Why we ran it: To find out if there’s a truly engaging hot hatch hiding under the prim and proper facade of VW’s hot supermini
Month 4 - Month 3 - Month 2 - Month 1 - Prices and Specs
Life with a Volkswagen Polo GTI: Month 4
Is this a cut-price, shrink-wrapped Golf GTI or a quick, well-equipped supermini living in its shadow? Our final verdict reveals all - 13th March 2018
The bootlid of the Volkswagen Polo I’ve been driving around in for the past few months doesn’t feature the word ‘Polo’ anywhere on it. Instead, in the place where VW would normally spell out the model name are three letters: GTI.
Their use as the only branding on the Polo GTI is a real statement of intent. VW’s goal was to produce a small hot hatch that truly lived up to those storied letters, and everything they imply, in the way generations of Golf GTI have. But having waved goodbye to the Polo, I can sadly report that it can’t.
The reality is that it likely never could. The most recent Golf GTI casts a shadow from which the Polo was never likely to emerge. We ran a Mk7 Golf GTI on our long-term fleet last year and it impressed everyone with its seamless blend of hot hatch performance, engaging driving and classy comfort. It truly embodied everything VW’s GTI line represents: our own Andrew Frankel even declared it the greatest hot hatch of all time. That the Polo GTI can’t repeat that incredibly tough trick in miniature shouldn’t surprise.
Yet by swapping the ‘Polo’ badge for a ‘GTI’ one and the use of tartan seat trim, the Polo keeps inviting comparison with the Golf. And it just doesn’t match up.

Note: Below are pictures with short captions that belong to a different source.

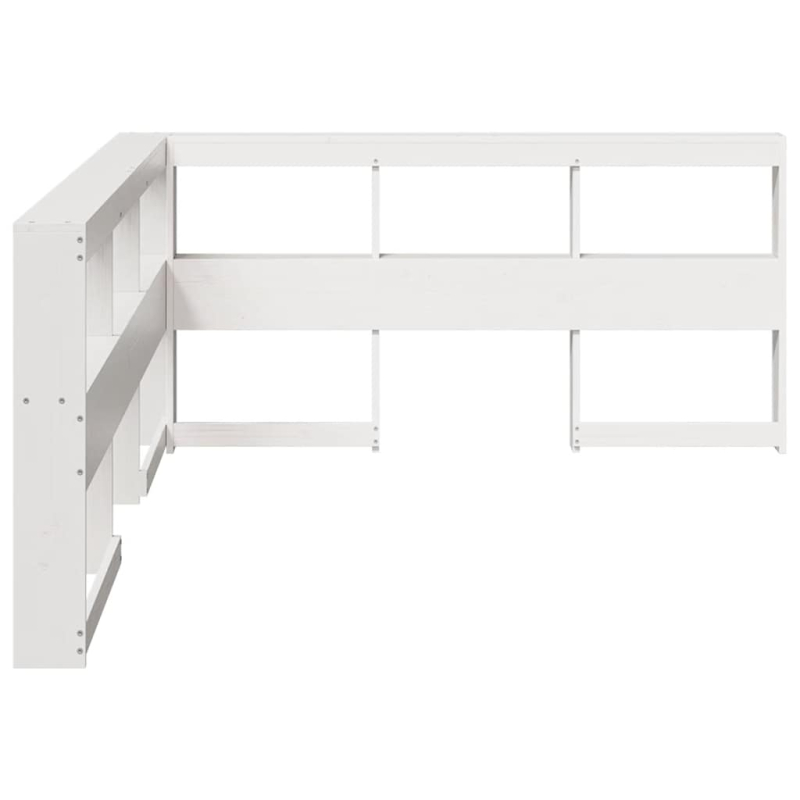 Kopfteil mit bücherregal L-form weiß 135 cm massivholz kiefer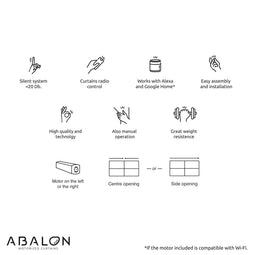 Abalon Perfect Wave - Gemotoriseerde Gordijnrail - Wifi-motor compatibel met Alexa Google Home Tuya Smart - Wit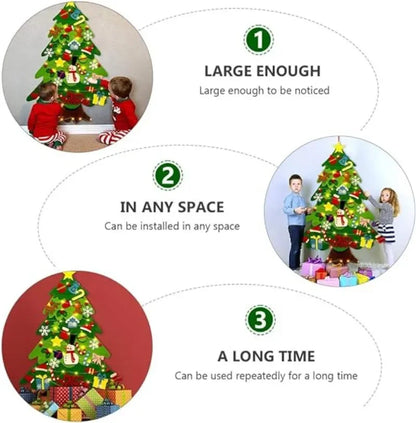 Felt Christmas Tree Gifts for Toddlers Kids with Led String Light, 3.2ft Wall Hanging DIY Xmas Tree 32 Ornaments Home Decoration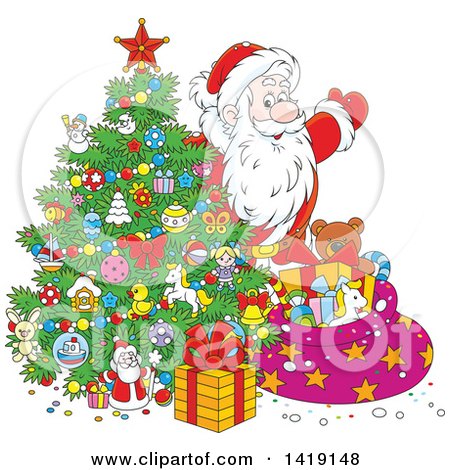 Clipart of a Cartoon Santa Claus Putting Gifts Under a Christmas Tree - Royalty Free Vector Illustration by Alex Bannykh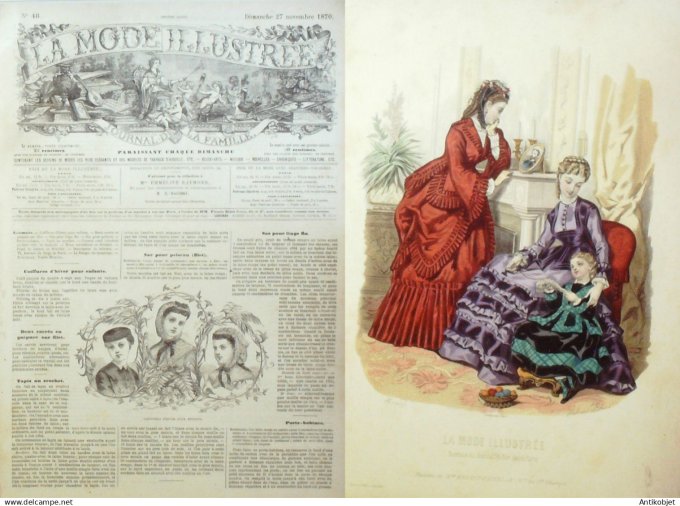 La Mode illustrée journal + gravure associée 1870 # 48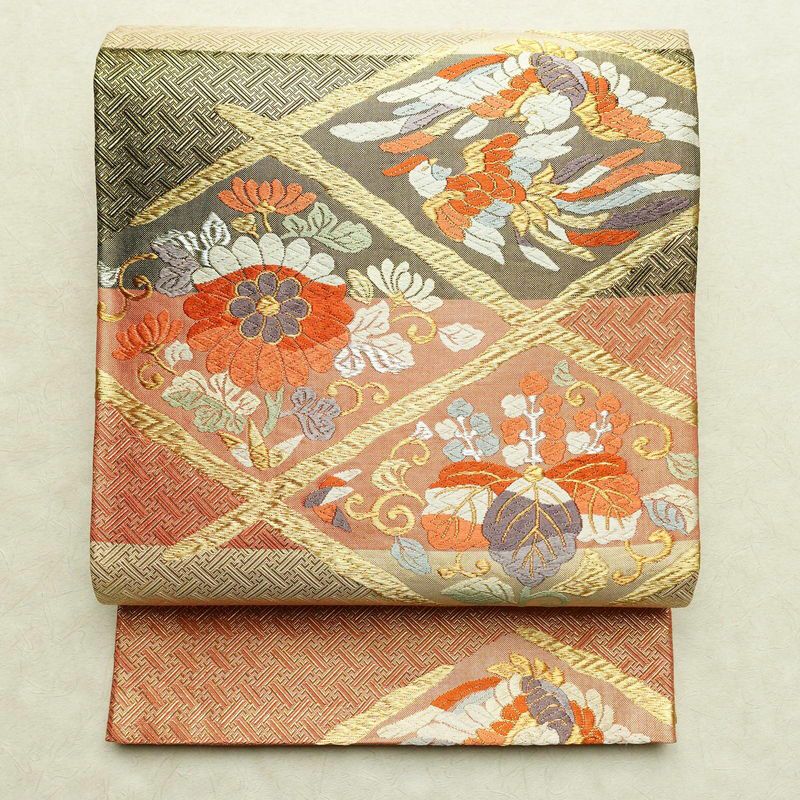 袋帯 六通柄 フォーマル用 正絹 幾何学柄・抽象柄 箔 金糸 銀糸 帯 橙_画像1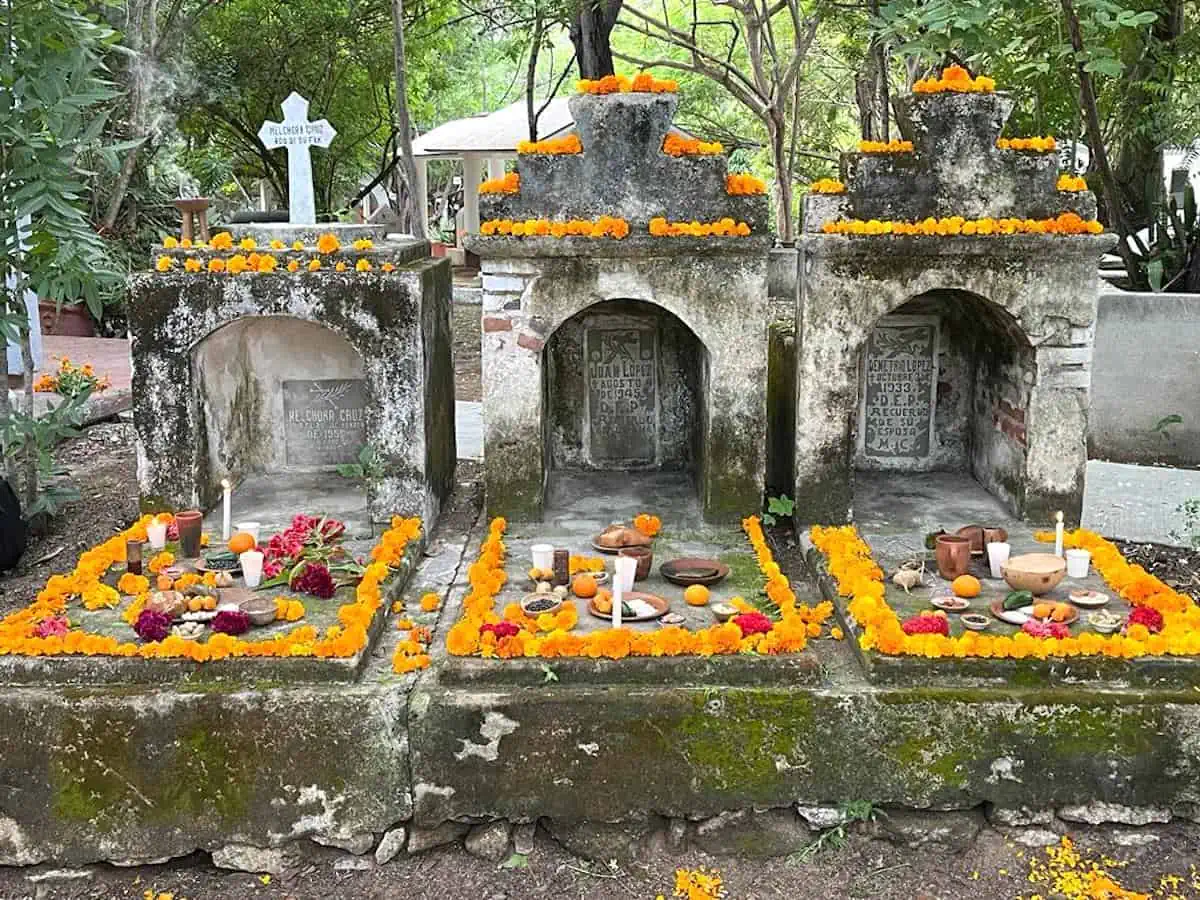 Decorated gravesites on Dia de Muertos (Day of the Dead) in Puerto Escondido.  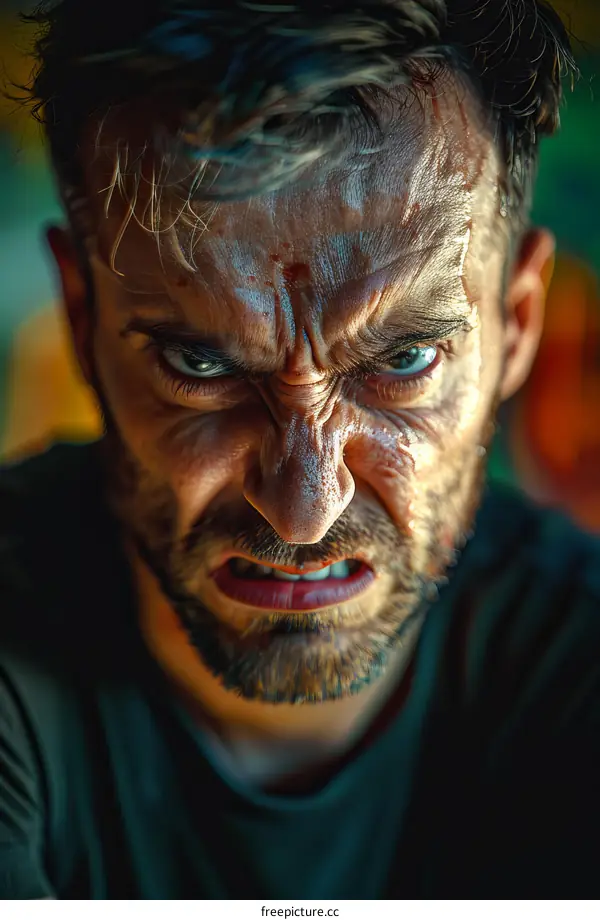 Close Up Angry Caucasian Man Portrait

VW’s brief for a GTI model is ‘everyday performance’. The Polo has the ‘everyday’ bit covered: it’s as comfortable and refined to sit in as you’d expect from a VW. There are sports seats but they’re firmly focused on comfort, and that shows after long journeys. Before the Polo, I ran a Suzuki Swift Sport, which offered charm in abundance, but that charm wore thin on long journeys. I reckon the Polo GTI is a slightly softer, more comfortable car for everyday driving than, say, a Ford Fiesta ST.
Inside, you get all the luxuries of a VW Group machine, with a classy, intuitive infotainment system and customisable digital dashboard, which has so many display options that I was still trying out new arrangements after several months. The infotainment even has a volume control knob, addressing just about the only criticism editor Mark Tisshaw had of our Mk7 Golf GTI.